3 weeks into a dating relationship is still a time of excitement. You are still getting to know who this very attractive person is that you’ve been spending time with. You’ve talked a ton on the phone, sent millions of texts back and forth (thankfully you have an unlimited txting plan), held hands, and maybe even kissed a few times. You are at the end of another incredible date and as you part ways, that wonderful, exciting, attractive person says, “I love you.” Hmmm.
Your mind races with how scary these three little words can be…one word for each week you’ve been together. What exactly do they mean here? Do they mean: “I’ve grown to care about you since we’ve met,” or, “You are fun to be around,” or, “I couldn’t think of anything else to say, so I thought I’d say this?” Yet what if they mean, “You’re my soul mate…the one that completes me,” or, “You’re the one I’ve been dreaming about since I was a child,” or, “I want to marry you,” or even worse, “I plan to stalk you until you love me back???”

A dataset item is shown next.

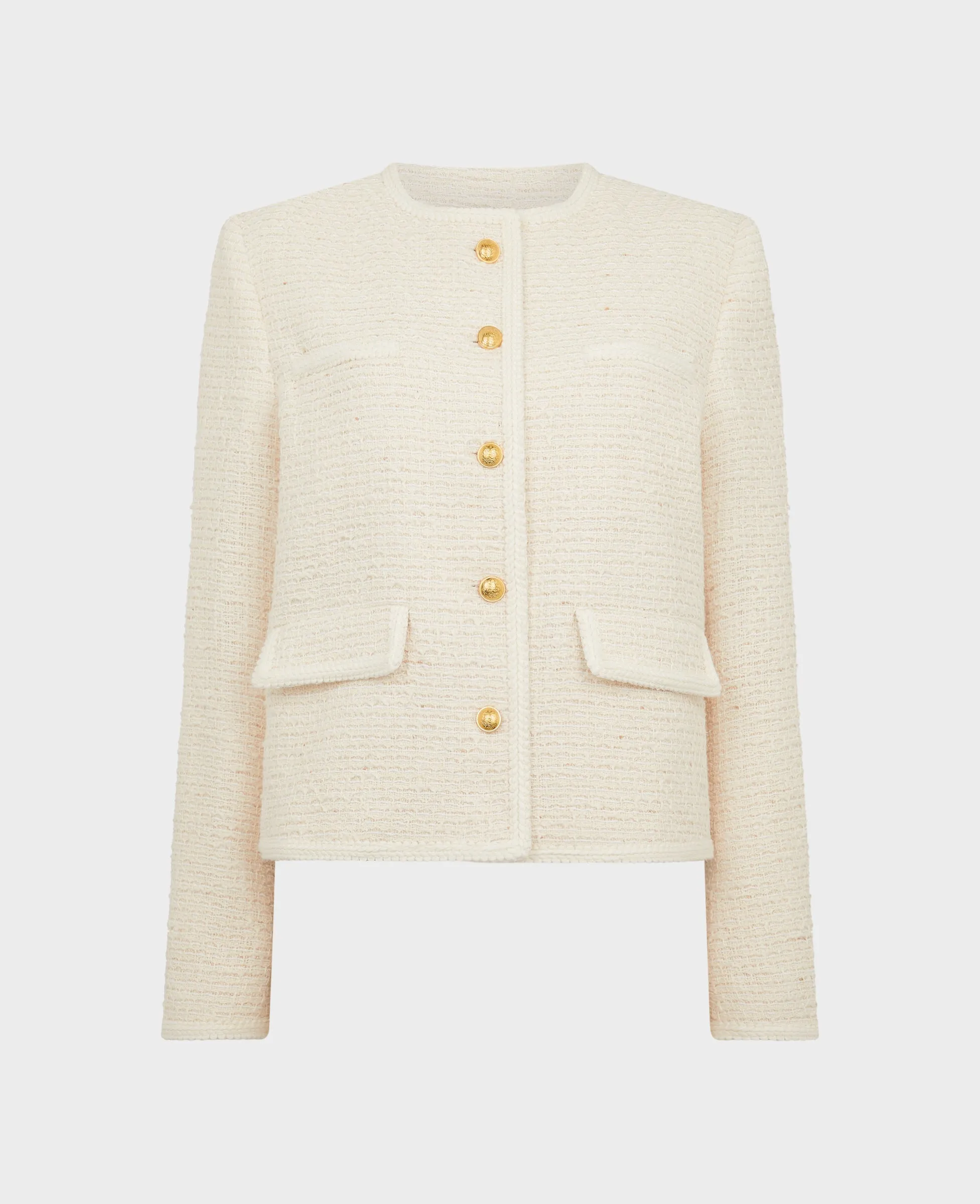 Charlotte Cotton Blend Boucle Short Jacket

Many people see a difference in saying, “I love you,” and “I’m in love with you,” but how in the world can you tell what this person means? If you freak out, they’re gonna end up saying they didn’t mean it like that. If you figure they mean something mild and you say, “I love you” back to them, they might take it the wrong way. We may say we know the difference, but when you factor in your emotions, and someone standing there face to face with you, it can get confusing. So how do you handle it?

I think the “love” word should be off the table. You just don’t say it. A safe time to introduce that language to describe your relationship should be after at least a year. Why a year? Most relationships break up after 3 months, and even those that make it further rarely make it past 6 months (though if it makes it past 7 months it doesn’t mean it’s true love necessarily). It is important to avoid the emotional roller coaster the “love” word brings. How many times have you heard a couple fighting and they say something like, “You said you loved me?” Don’t use love in the first year is how to handle it and if someone else says it, put it on the table right away that it is inappropriate to use. Challenge them. You could prevent getting too involved with a potential stalker.